§ **Collected material**
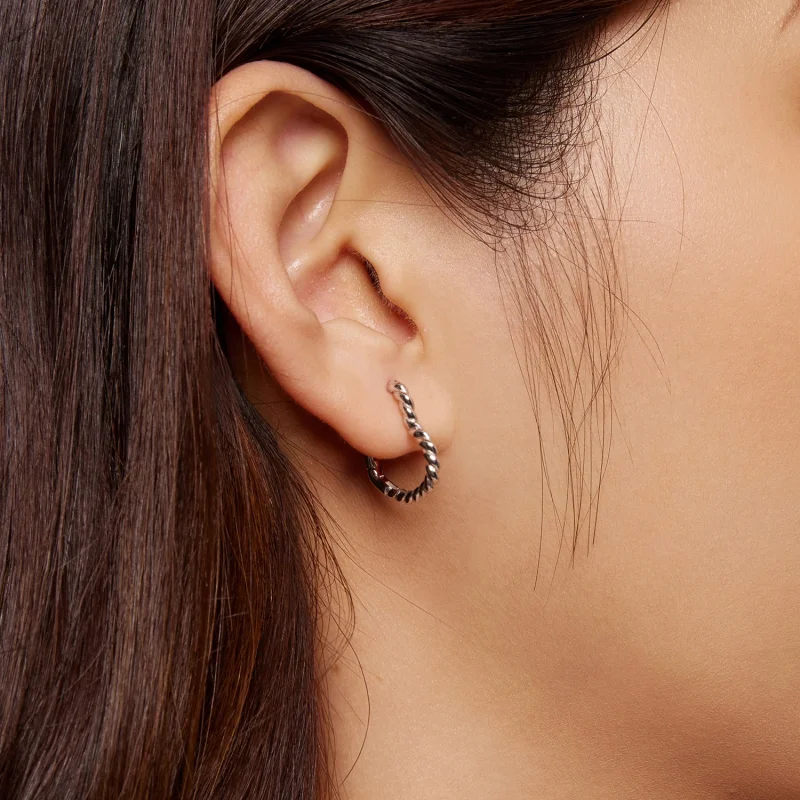 (imagem para) Brincos Argola Estilo Pandora em Formato de Coração - SCE1606 - Visualizar 6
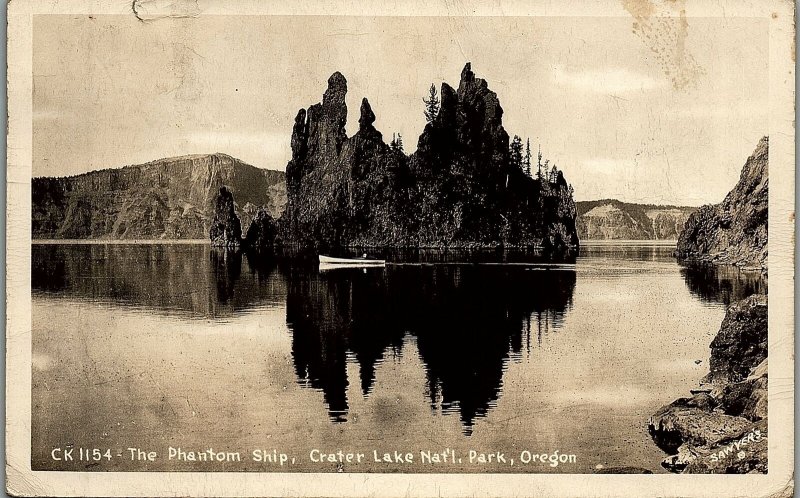 1950 THE PHANTOM SHIP CRATER LAKE NATL PARK OREGON REAL PHOTO POSTCARD 17-91 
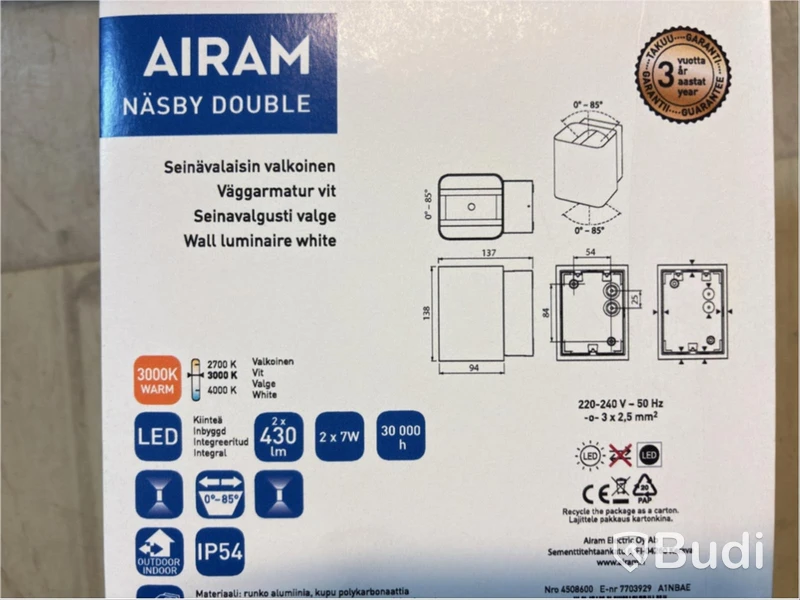 3 ST. VÄGGARMATURER AIRAM, NÄSBY, 2X6W/830 VI, A1NBAE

§ **Brief**
Your copy should run from the line that has "1950 THE PHANTOM" through the last line above, exactly, with both ends in and pictures out.

§ **Solution to the exercise**
 1950 THE PHANTOM SHIP CRATER LAKE NATL PARK OREGON REAL PHOTO POSTCARD 17-91 
 3 ST. VÄGGARMATURER AIRAM, NÄSBY, 2X6W/830 VI, A1NBAE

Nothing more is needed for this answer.